Detection of DHBsAg by ELISA in the sera of ducks treated with REP 2006 (A), REP 2031 (B), and NS (C). Fourteen-day-old ducks were inoculated (i.v.) with 5 × 108 DHBV DNA genomes and treated with REP 2006 or REP 2031 or normal saline (NS) from day −1 to day 14 p.i., as follows: 10 mg/kg of REP 2006 i.p. once daily (QD) (A); 10 mg/kg of REP 2031 i.p. QD (B); NS i.p. QD (C). Serum samples were collected on days 1, 5, 10, and 14 p.i. and were diluted 1/100 for analysis. The normal duck serum (NDS) OD value was used as the cutoff point for the assay. Individual duck identifiers are indicated.

Fig 3

DHBV DNA levels in the liver of ducks on days 4 (A) and 14 (B) p.i. Fourteen-day-old ducks were inoculated (i.v.) with 5 × 108 DHBV genomes and treated with REP 2006 (10 mg/kg i.p. once daily [QD]) or REP 2031 (10 mg/kg i.p. QD) or normal saline (NS) (i.p. QD). Cellular and viral DNA extracts were tested for DHBV DNA by Southern blot hybridization as described in Materials and Methods. Expected positions of relaxed circular (RC), double-stranded linear (DSL), and single-stranded (SS) DHBV DNA are shown on the right.

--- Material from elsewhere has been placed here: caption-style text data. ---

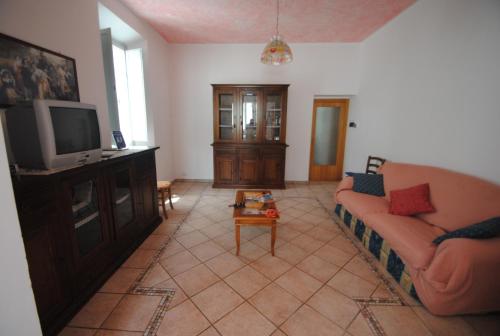 a living room with a couch and a tv at Country House Villa Geminiani in Montalto delle Marche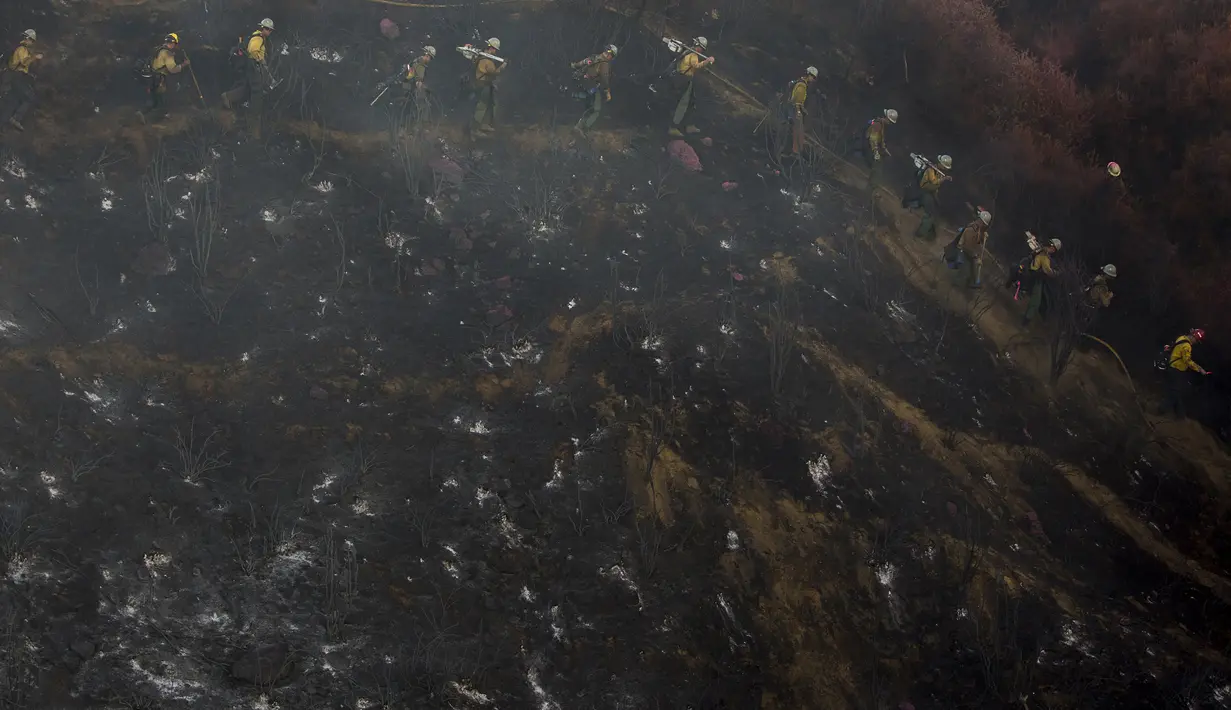 Petugas pemadam kebakaran berbaris untuk bekerja pada hot spot yang tersisa dari kebakaran hutan yang disebut Apple Fire di dekatnya di Cherry Valley, California (1/8/2020). California merupakan salah satu daerah paling rawan kebakaran. (AP Photo/Ringo H.W. Chiu)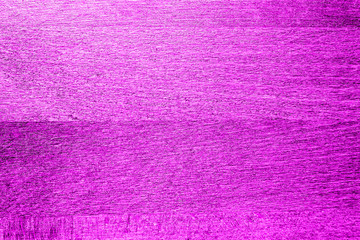 Purple close-up textured wood background.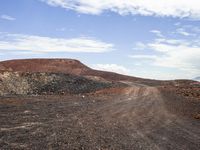 the red dirt and gravel is in the dirt road of an arid area with the mountains in the distance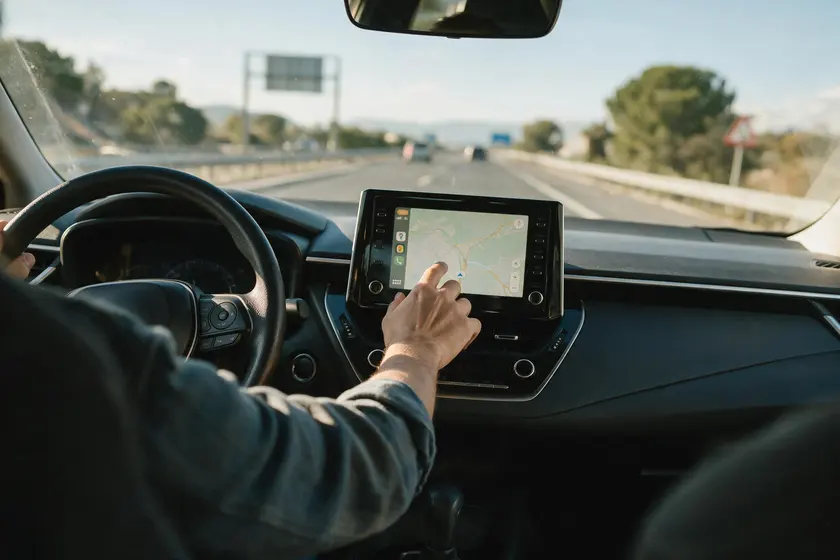 Conductor manipulando la pantalla del navegador mientras conduce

Individual duck identifiers are indicated above each lane. Note that the RC and DSL forms of DHBV DNA are occluded in some lanes in panel B due to a blotting artifact.

Fig 4

Detection of DHBsAg levels by ELISA in the sera of ducks treated with REP 2055 and normal saline (NS). Fourteen-day-old ducks were inoculated (i.v.) with 5 × 108 DHBV DNA genomes and treated with REP 2055 with 5 different dose regimens i.p. or with NS from 3 days prior to DHBV infection for 17 days: 0.5 mg/kg i.p. twice daily (BID)(A); 2 mg/kg i.p. BID (B); 3 mg/kg i.p. BID (C); 5 mg/kg i.p. BID (D); 10 mg/kg i.p. once daily (QD) (E); NS i.p. BID (F). Serum samples were collected on days 0, 5, 10, and 14 p.i. and were diluted 1/100 for analysis. The normal duck serum (NDS) OD value was used as the cutoff point for the DHBsAg assay. Individual duck identifiers are indicated. Ducks 502, 514, and 519 were excluded from analysis (see Results).

Fig 5

DHBV DNA levels in the liver of ducks on days 4 (A) and 14 (B) p.i. Fourteen-day-old ducks were inoculated i.v. with 5 × 108 DHBV genomes and treated twice daily (BID) with 0.5 to 5 mg/kg of REP 2055, once daily (QD) with 10 mg/kg of REP 2055, or with normal saline (NS). Cellular and viral DNA extracts were tested for DHBV DNA by Southern blot hybridization as described in Materials and Methods (radiographic exposure time, 24 h). The expected positions of relaxed circular (RC), double-stranded linear (DSL), and single-stranded (SS) DHBV DNA are shown on the right. Individual duck identifiers are indicated above each lane. Ducks 502, 514, and 519 were excluded from analysis (see Results).